Why the First Amendment Does and Doesn't Protect Trump from Impeachment Conviction

There's been word that Trump's attorneys in his Senate impeachment trial will say Trump's incendiary words to the crowd before they turned and savagely attacked the U. S. Capitol on January 6, 2021 were protected under the First Amendment, in particular that Congress "shall make no law abridging ... the freedom of speech".   So, Congress cannot punish Trump for the words he spoke on that morning.

Two arguments have been raised against that view.  

The first, I think, is incorrect.  I heard John Dean say on CNN (and other pundits on other channels) that the First Amendment is meant to protect citizens from the government, not the government (Trump as President) from the government (Congressional impeachment and Senatorial conviction).  But that can't be right.  If Trump as an American citizen has no First Amendment protections because he was President, how about the Vice President?  How about members of Congress?  How about Governors and Mayors and anyone who works for any part of the government?  Should First Amendment rights be waived for elected officials but not appointed officials?  How about for firefighters and sanitation workers?  Suspending any citizen's First Amendment rights because they are a government official creates an absurd slippery slope which would start with the President and extend to many millions of people -- as of 2011, the Office of Personnel Management reported 2.79 million people working for just the Federal government.  Do all of those people have no First Amendment rights?  Chances are few of those government employees knew they were surrendering their First Amendment rights when they signed up or campaigned for those jobs.
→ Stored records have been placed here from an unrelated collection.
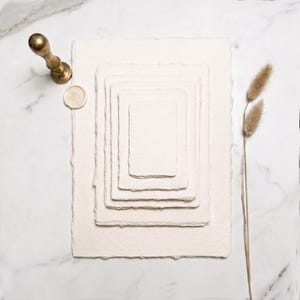 Peut inclure: Une pile de cinq feuilles rectangulaires de papier fait main blanc cassé aux bords effilochés, disposées par taille décroissante. Un sceau en laiton et un cachet de cire circulaire sont placés à gauche, avec deux tiges d'herbe séchée à droite.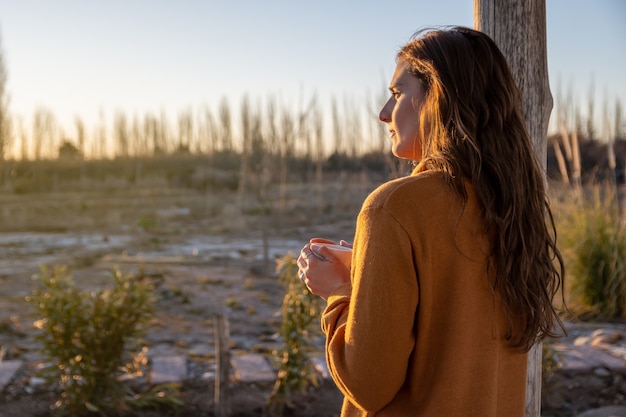 Lateinische Frau trinkt Kaffee und beobachtet den Sonnenuntergang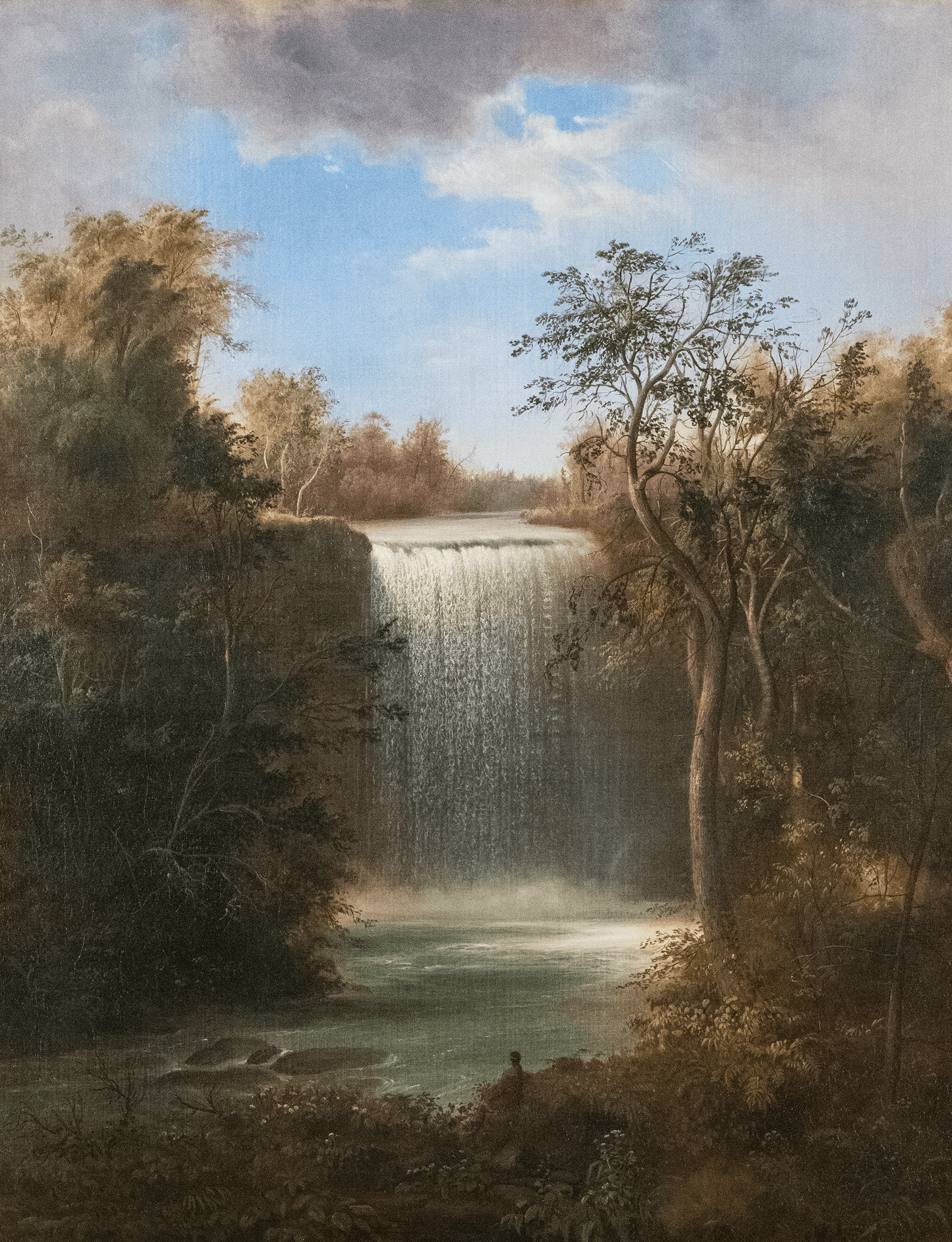 A tall waterfall cascades into a calm pool surrounded by lush, green trees with a partly cloudy sky above. A person stands near the water's edge, admiring the natural scene.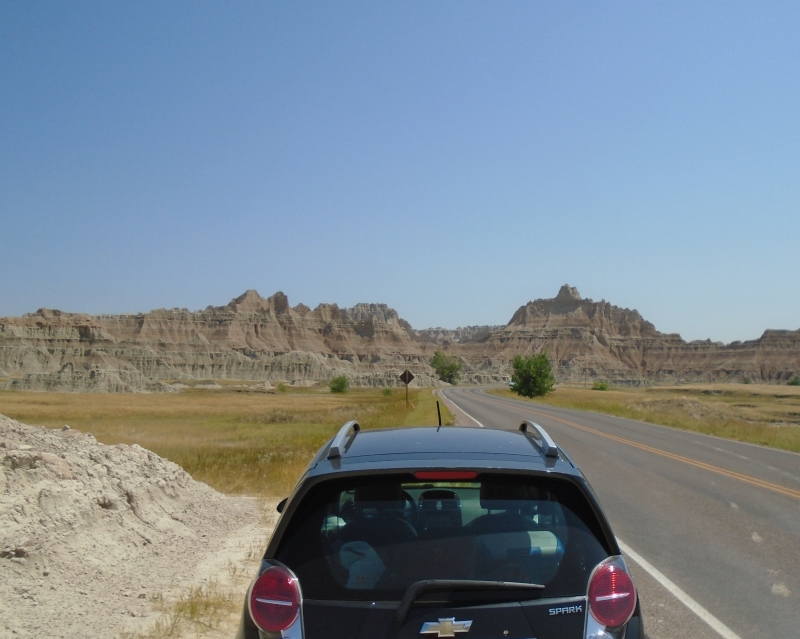 Photo of black car from the back looking toward the road, SD Badlands NP in the distance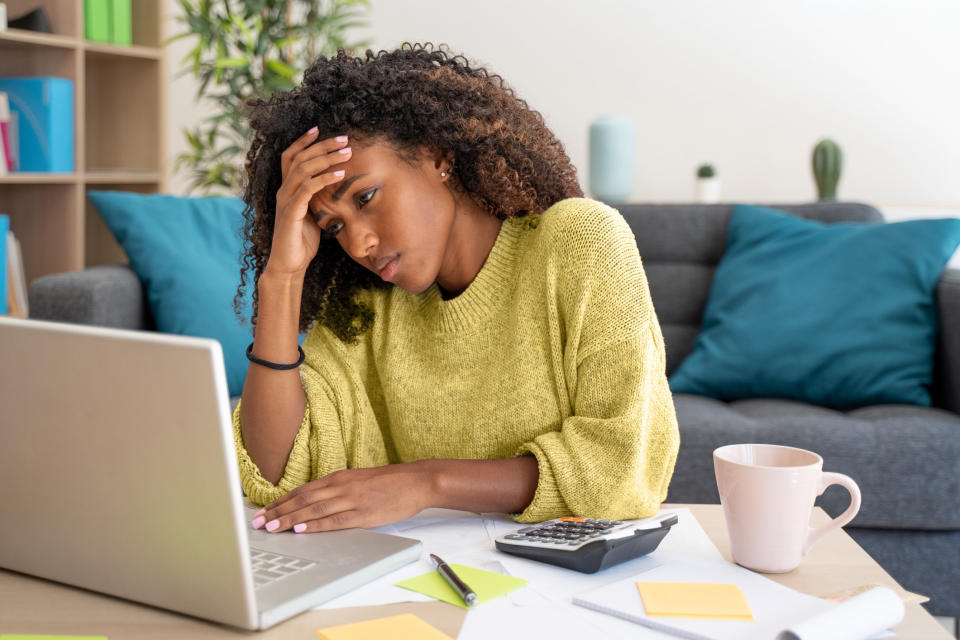 A woman stressing in front of her laptop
The second argument, presented by House impeachment manager Jamie Raskin, is much better and, I think, completely correct.  Representative Raskin said yesterday that the First Amendment doesn't protect someone who incites others to riot.   Those words spoken by Trump on that morning to an angry and armed crowd, urged to walk down the street to the U. S. Capitol, provoked not just a riot, but a riot that killed a police officer, and wounded more than a hundred more, not to mention the severe vandalizing and threat to lives of the Vice President, Senators, and members of Congress, and their staffs.  The First Amendment has been repeatedly cited by U. S. Supreme Courts as not protecting speech that directly leads to attacks on life, limb, and property, and that's precisely what Trump's exhortations to the crowd on January 6, 2021 did.

Trump is responsible for his riot-provoking words, which in fact provoked a deadly riot, and that's why the First Amendment offers him no protection for those words.  I think it's important to get right, and not confuse the issue with unspoortable arguments that people lose their First Amendment rights when they become part of government.